Therapeutic Potential of Plants as Anti-Microbials for Drug Discovery

Venom and Toxin Research Programme, Department of Anatomy, Yong Loo Lin School of Medicine, National University of Singapore, 117597, Singapore

Received 12 April 2007; Accepted 18 April 2008

Copyright © 2010 Ramar Perumal Samy and Ponnampalam Gopalakrishnakone. This is an open access article distributed under the Creative Commons Attribution License, which permits unrestricted use, distribution, and reproduction in any medium, provided the original work is properly cited.

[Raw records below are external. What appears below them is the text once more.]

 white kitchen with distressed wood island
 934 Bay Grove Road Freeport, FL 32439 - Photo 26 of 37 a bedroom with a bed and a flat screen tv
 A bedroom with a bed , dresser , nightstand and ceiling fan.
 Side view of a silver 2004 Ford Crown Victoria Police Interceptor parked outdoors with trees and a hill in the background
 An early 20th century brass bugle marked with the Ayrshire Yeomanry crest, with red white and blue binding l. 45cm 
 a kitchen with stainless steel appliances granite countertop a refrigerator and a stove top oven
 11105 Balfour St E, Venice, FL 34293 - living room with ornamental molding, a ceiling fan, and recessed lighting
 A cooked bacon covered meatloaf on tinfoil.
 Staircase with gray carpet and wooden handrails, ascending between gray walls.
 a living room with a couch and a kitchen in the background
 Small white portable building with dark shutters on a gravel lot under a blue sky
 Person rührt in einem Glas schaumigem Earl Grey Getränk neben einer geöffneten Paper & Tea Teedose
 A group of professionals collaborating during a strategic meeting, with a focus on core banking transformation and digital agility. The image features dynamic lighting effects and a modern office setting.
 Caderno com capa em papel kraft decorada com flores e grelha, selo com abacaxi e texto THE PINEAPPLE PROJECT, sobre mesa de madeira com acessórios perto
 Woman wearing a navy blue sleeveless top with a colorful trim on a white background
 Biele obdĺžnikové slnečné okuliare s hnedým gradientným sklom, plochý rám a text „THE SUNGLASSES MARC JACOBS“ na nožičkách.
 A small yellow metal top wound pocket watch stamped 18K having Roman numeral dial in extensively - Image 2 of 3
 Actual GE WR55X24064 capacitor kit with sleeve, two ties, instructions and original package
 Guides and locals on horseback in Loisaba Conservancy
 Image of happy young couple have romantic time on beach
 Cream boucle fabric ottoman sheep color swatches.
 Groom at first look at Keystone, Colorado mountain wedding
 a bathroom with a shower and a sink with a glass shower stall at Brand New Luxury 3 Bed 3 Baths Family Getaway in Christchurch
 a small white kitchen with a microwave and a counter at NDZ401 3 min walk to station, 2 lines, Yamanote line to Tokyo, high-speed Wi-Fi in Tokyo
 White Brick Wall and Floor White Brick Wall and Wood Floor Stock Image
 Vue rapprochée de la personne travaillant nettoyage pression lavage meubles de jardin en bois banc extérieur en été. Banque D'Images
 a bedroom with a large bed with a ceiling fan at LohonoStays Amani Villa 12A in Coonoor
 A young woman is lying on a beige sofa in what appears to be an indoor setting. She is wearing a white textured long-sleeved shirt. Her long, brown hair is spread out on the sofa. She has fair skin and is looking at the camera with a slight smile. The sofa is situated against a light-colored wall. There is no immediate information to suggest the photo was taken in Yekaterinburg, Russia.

The uses of traditional medicinal plants for primary health care have steadily increased worldwide in recent years. Scientists are in search of new phytochemicals that could be developed as useful anti-microbials for treatment of infectious diseases. Currently, out of 80% of pharmaceuticals derived from plants, very few are now being used as anti-microbials. Plants are rich in a wide variety of secondary metabolites that have found anti-microbial properties. This review highlights the current status of traditional medicine, its contribution to modern medicine, recent trends in the evaluation of anti-microbials with a special emphasis upon some tribal medicine, in vitro and in vivo experimental design for screening, and therapeutic efficacy in safety and human clinical trails for commercial outlet. Many of these commercially available compounds are crude preparations administered without performing human clinical trials. Recent methods are useful to standardize the extraction for scientific investigation of new phytochemicals and anti-microbials of traditionally used plants. It is concluded that once the local ethnomedical preparations of traditional sources are scientifically evaluated before dispensing they should replace existing drugs commonly used for the therapeutic treatment of infection. This method should be put into practice for future investigations in the field of ethnopharmacology, phytochemistry, ethnobotany and other biological fields for drug discovery.